Und natürlich ist es nicht so, wie der Klappentext meint (warum haben Klappentexte immer dieses breit Umarmende, dieses nett „Tolerante“, das allen recht geben und keinen vergraulen möchte?), dass dies „keine Interpretation zeitgeschichtlicher Ereignisse“ sei und dass der Leser (!) die Chance habe, „sich seine eigene Meinung zu bilden“ usw. usf.
Der Leser – mag sein, die LeserIN wird da hoffentlich klüger sein und jene Schlüsselstellen wahrnehmen, in denen die Tochter eines Ideologen (und Geliebte des Sprachgestörten, später zerfetzten „Terroristen“) wahre Worte sagt: „dieses Geschwätz von der richtigen Sache, alle diese Luftschlösser, Verbohrtheiten.
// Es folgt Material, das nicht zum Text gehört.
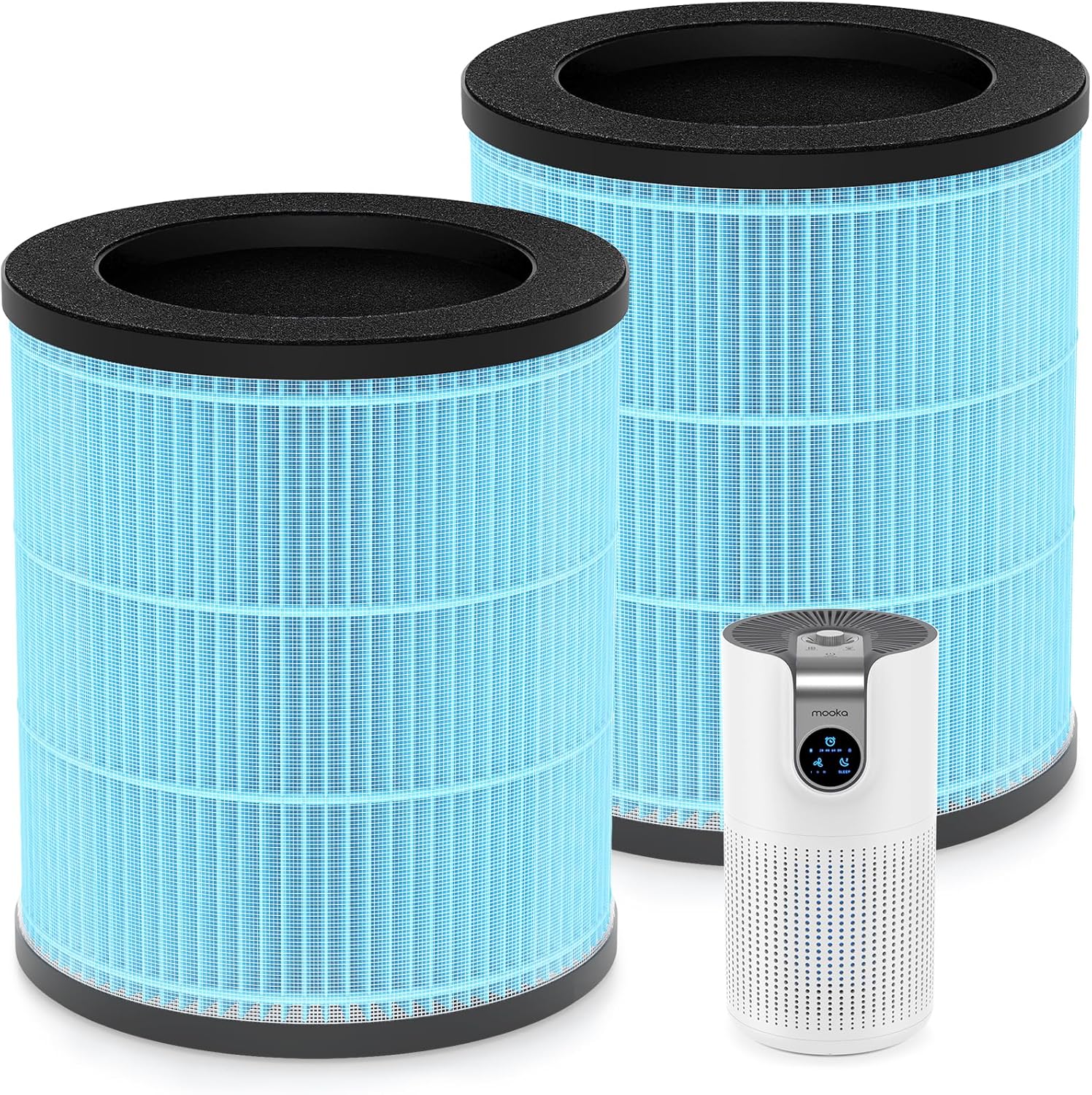 M03 Replacement Filter Compatible with MOOKA M03 Air Purifier, H13 True HEPA Activated Carbon Filter for Pets, High-Efficiency 3 Stage Filtration, 2 Pack (2)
Befreiungskampf, haben sie sich gegenseitig zugebrüllt, Freiheit, gerechte Sache,...“ (130). Dagegen haben die Männerbündler, die den Sprachgestörten zu ihrem „glühenden“ Instrument gemacht haben, kein Argument: „Davon versteht ihr nichts. Von der Liebe zum Volk, vom Opfergang, und schon gar nichts davon, wie einer zum Mann wird, ein armer Teufel, ein Stotterer ...“ (150).
Die Erzählung ist bei den Geschädigten dieser historischen Ereignisse, und das ist nicht die italienische Industrie oder der Staat, das sind die, welche die Absenz der Väter und Brüder ausbaden mussten, bei den Adoleszenten, ihren Verlusten und ihrer „Kälberliebe“, die keine nationalistische Verachtung kennt. Die Behutsamkeit, mit der Sepp Mall ihre Perspektive zur dominanten macht, ist nicht bloß „tolerant“; sie ist mehr als das.